┌──

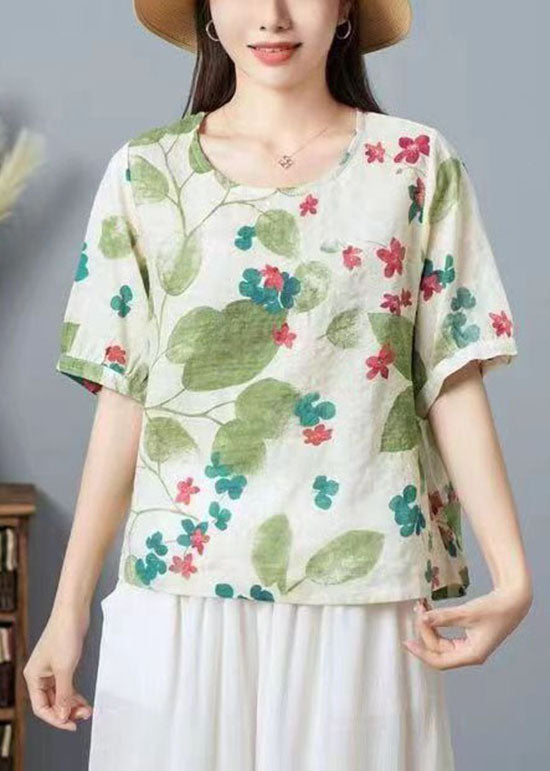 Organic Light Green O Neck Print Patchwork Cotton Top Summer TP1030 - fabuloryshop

└──
┌──

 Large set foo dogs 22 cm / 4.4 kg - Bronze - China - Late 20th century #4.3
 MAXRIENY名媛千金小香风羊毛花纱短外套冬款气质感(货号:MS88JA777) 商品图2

└──

[How to complete this task]: Of the entries above, repeat exactly the lines between the line with "Large set foo" and the line with "MAXRIENY名媛千金小香", inclusive, and no others.

[Output for this exercise]:
 Large set foo dogs 22 cm / 4.4 kg - Bronze - China - Late 20th century #4.3
 MAXRIENY名媛千金小香风羊毛花纱短外套冬款气质感(货号:MS88JA777) 商品图2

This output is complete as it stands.